System 700 represents a computing device in accordance with any
embodiment described herein, and can be a laptop computer, a
desktop computer, a server, a gaming or entertainment control
system, a scanner, copier, printer, routing or switching device, or
other electronic device. System 700 includes processor 720, which
provides processing, operation management, and execution of
instructions for system 700. Processor 720 can include any type of
microprocessor, central processing unit (CPU), processing core, or
other processing hardware to provide processing for system 700.
Processor 720 controls the overall operation of system 700, and can
be or include, one or more programmable general-purpose or
special-purpose microprocessors, digital signal processors (DSPs),
programmable controllers, application specific integrated circuits
(ASICs), programmable logic devices (PLDs), or the like, or a
combination of such devices.
[0070] Memory subsystem 730 represents the main memory of system
700, and provides temporary storage for code to be executed by
processor 720, or data values to be used in executing a routine.

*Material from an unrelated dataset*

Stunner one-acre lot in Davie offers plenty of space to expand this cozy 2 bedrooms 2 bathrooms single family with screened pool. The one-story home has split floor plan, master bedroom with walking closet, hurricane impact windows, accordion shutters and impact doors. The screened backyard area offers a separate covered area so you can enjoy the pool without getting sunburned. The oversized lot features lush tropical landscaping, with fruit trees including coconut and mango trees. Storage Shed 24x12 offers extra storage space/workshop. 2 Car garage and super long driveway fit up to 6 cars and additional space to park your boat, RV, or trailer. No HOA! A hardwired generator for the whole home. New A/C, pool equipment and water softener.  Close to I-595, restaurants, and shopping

Memory subsystem 730 can include one or more memory devices such as
read-only memory (ROM), flash memory, one or more varieties of
random access memory (RAM), or other memory devices, or a
combination of such devices. Memory subsystem 730 stores and hosts,
among other things, operating system (OS) 736 to provide a software
platform for execution of instructions in system 700. Additionally,
other instructions 738 are stored and executed from memory
subsystem 730 to provide the logic and the processing of system
700. OS 736 and instructions 738 are executed by processor 720.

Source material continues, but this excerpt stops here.